Yozen Hernandez

Posted on Jun 30, 2019

Perl Weekly Challenge 14: van Eck’s sequence / Adventures in overthinking- making words from US state initials

#perl #perlweeklychallenge #discretemath #datastructures

Warning This post ended up being pretty long. A million thanks if you make it through to the end.

Original post: https://yzhernand.github.io/posts/perl-weekly-challenge-14/ since math text does not render well here.

This week's Perl Weekly Challenge offered two very nice challenges that I really had to think about. Later in the week, Neil Bowers, who is credited with suggesting the second challenge, posted about an additional challenge since his submission was misunderstood.

Now with that out of the way, let me walk you through how I approached these challenges.

Challenge 1

Write a script to generate Van Eck’s sequence starts with 0. For more information, please check out wikipedia page. This challenge was proposed by team member Andrezgz.

Another week, another numeric sequence :). van Eck's sequence is a bit trickier than other sequences I've generated in previous challenges (see my posts on challenge 9 where I simply generate squares, challenge 12 which discusses Euclid numbers, and challenge 13 which discusses Hofstadter Female and Male sequences), as we will see.

sub van_eck_seq ( $n, $init = 0 ) {

    # Base case.
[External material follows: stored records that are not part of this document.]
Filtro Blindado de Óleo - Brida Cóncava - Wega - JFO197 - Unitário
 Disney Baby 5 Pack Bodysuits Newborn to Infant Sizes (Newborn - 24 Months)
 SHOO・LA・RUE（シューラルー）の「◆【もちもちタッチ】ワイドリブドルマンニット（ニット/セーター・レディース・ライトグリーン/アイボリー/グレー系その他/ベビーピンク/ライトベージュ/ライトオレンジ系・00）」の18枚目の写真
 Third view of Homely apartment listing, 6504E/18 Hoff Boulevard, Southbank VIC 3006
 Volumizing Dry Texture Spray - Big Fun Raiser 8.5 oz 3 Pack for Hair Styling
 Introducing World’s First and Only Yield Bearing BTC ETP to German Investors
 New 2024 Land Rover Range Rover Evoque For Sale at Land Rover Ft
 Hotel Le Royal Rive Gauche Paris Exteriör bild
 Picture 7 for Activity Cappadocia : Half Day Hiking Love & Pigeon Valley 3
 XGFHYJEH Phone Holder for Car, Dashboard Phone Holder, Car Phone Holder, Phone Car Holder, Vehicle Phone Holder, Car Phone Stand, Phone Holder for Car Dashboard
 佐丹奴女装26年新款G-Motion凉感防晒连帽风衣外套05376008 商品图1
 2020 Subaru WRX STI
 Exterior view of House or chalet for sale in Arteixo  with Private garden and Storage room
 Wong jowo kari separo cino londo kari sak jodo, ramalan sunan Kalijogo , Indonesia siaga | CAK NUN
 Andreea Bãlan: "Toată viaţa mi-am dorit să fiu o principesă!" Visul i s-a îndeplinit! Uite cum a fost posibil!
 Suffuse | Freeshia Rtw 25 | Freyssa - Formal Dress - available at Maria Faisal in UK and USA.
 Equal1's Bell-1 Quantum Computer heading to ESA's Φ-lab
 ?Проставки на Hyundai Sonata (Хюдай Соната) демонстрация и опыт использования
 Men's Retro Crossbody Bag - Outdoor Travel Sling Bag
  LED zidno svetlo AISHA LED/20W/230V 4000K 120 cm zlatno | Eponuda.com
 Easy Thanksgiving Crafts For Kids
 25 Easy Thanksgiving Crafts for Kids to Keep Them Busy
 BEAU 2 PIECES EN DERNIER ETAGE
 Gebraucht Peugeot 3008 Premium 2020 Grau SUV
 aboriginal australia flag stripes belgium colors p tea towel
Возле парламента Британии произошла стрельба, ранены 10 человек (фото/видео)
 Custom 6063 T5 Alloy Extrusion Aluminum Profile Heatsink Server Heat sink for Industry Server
It should always be $init followed
    # by 0, given the definition.
    return ( $init, 0 ) if ( $n == 0 );

    my @seq = van_eck_seq( $n - 1, $init );
    my $m   = first { $seq[$_] == $seq[$n] } reverse( 0 .. ( $n - 1 ) );
    my $val = ( defined $m ) ? ( $n - $m ) : 0;

    return @seq, $val;
}

Going by the definition of the sequence on Wikipedia,

$a_0 = 0$. Then, for $n ≥ 0$, if there exists an $m < n$ such that $a_{m} = a_n$, take the largest such $m$ and set $a_{n+1} = n − m$; otherwise $a_{n+1} = 0$.

I thought of this as "each $n$th term generates the $n+1$th term". So, if you call the function I've written above with van_eck_seq(2) you would get the first 3 elements of the sequence, not the first 2. This is important because I've written the function to be recursive, and the code following the nested call expects that the list it gets back includes the "current" $n
$th term.

Also by that definition, it looks like $a_1 = 0$ since there is never an $m < n$ such that $a_{m} = a_n$. The base case of van_eck_seq(0), therefore, returns a list with items (0, 0).

Actually, that's not totally true: van Eck's sequence can have a different $a_0$ term, which changes the sequence. So my function definition allows an optional setting of that term as it's second argument, $init.

Continuing, for all $n \geq 1$, we make a nested call to the same function, passing it $n-1 and the value of $init (in case the caller changed it) and use the returned sequence to generate the next value.

This line:

my $m   = first { $seq[$_] == $seq[$n] } reverse( 0 .. ( $n - 1 ) );

lets us walk backward through the sequence we got from the nested call so we can find that $m < n$ mentioned in the definition, if any. The value of $val depends on whether or not such an $m$ was found, and then the combined sequence is returned. The function can be called like this:

local $, = ", ";
say van_eck_seq(10);

which gives as output:

0, 0, 1, 0, 2, 0, 2, 2, 1, 6, 0, 5

For this challenge, I used the Memoize module instead of caching myself (see my post on last week's challenge). I also documented the behavior that the function call returns a list of n+1 elements, as a person who would want to use that function might not expect that.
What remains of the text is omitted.